Sonderregeln zur gesamtschuldnerischen Haftung

Ist der Schädiger ein kleines oder mittleres Unternehmen („KMU“) wie in der Empfehlung 2003/361/EG der Kommission definiert, haftet er ausschließlich gegenüber seinen unmittelbaren und mittelbaren Abnehmern, wenn er zu jedem Zeitpunkt während der Zuwiderhandlung weniger als 5 Prozent Marktanteil hatte und die Anwendung der normalen Regelungen zur gesamtschuldnerischen Haftung seine wirtschaftliche Lebensfähigkeit unwiederbringlich gefährden und seine Aktiva jeden Werts berauben würde.
Diese Sonderregel gilt nicht für KMU, die die Zuwiderhandlung organisiert oder andere Unternehmen zu Teilnahme oder Fortführung gezwungen haben, oder zuvor Zuwiderhandlungen gegen das Wettbewerbsrecht begangen haben.
Schädiger, die Kronzeugen sind (denen im Rahmen einer Kronzeugenregelung Immunität gegen Geldbußen gewährt wurde), haften gesamtschuldnerisch gegenüber ihren mittelbaren und unmittelbaren Abnehmern und anderen Geschädigten nur dann, wenn der vollumfängliche Schadensersatz nicht von den anderen beteiligten Unternehmen erlangbar ist.

Gerichtsverfahren

Schadensersatzklagen sind vor dem Landgericht (Tribunal) Bukarest zu erheben. Gegen das Urteil steht die Berufung (apel) vor dem Appellationsgericht Bukarest offen, das Berufungsurteil kann vor dem Obersten Gerichtshof (ICCJ) mit der Revision angefochten werden.
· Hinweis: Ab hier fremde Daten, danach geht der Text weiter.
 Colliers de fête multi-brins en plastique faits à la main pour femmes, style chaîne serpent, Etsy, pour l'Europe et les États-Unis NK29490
Die Ansprüche verjähren in 5 Jahren. Die Frist beginnt nicht vor dem Zeitpunkt, in dem (i) die Zuwiderhandlung gegen das Wettbewerbsrecht endet und (ii) der Geschädigte folgendes kannte oder kennen musste:
• das Verhalten und die Tatsache, dass es eine Zuwiderhandlung gegen Wettbewerbsrecht darstellt;
• dass er durch die Zuwiderhandlung geschädigt wurde;
• die Identität des Zuwiderhandelnden.

Während Untersuchungen/Verfahren einer Wettbewerbsbehörde wegen der Zuwiderhandlung, die Gegenstand der Klage ist, läuft die Frist nicht bzw. ist sie gehemmt.
Eine durch bestandskräftige Entscheidung eines Gerichts, des rumänischen Wettbewerbsrats oder der Europäischen Kommission festgestellte Zuwiderhandlung gegen Wettbewerbsrecht gilt vor Gericht im Schadensersatzverfahren als unwiderlegbar festgestellt. Derartige Entscheidungen aus anderen EU-Mitgliedstaaten gelten als Anscheinsbeweis für die Zuwiderhandlung.

Sanktionen

Das Gericht ist berechtigt, Geldbußen zwischen 500 und 5000 Lei für natürliche Personen bzw. 0,1 Prozent und 1 Prozent des Vorjahresumsatzes für Unternehmen in folgenden Fällen aufzuerlegen:
• wenn offenzulegende Beweise nicht vorgelegt werden;
• relevante Beweise zerstört werden;
• Gerichtsverfügungen zum Schutz vertraulicher Informationen missachtet werden;
• Beschränkungen der Verwendung von Beweisen missachtet werden.

Fazit

Obwohl das Recht auf Schadensersatz wegen Zuwiderhandlungen gegen das Wettbewerbsrecht nicht neu ist, wurde es nun klar geregelt und durch Verfahrensvorschriften untermauert. Dies wird Unternehmen verdeutlichen, dass sie bei Zuwiderhandlungen nicht nur mit erheblichen Geldbußen (die in Prozenten des Vorjahresumsatzes festgelegt werden), sondern auch mit direkten Schadensersatzklagen Dritter rechnen müssen. Die Gesetzgebung dürfte somit zur Schärfung der Disziplin beitragen.
Grundbedingung ist und bleibt jedoch die Implementierung von Mechanismen zur Compliance mit dem Wettbewerbsrecht. Diese erfordert Gesetzeskenntnis und professionelle Erfahrung.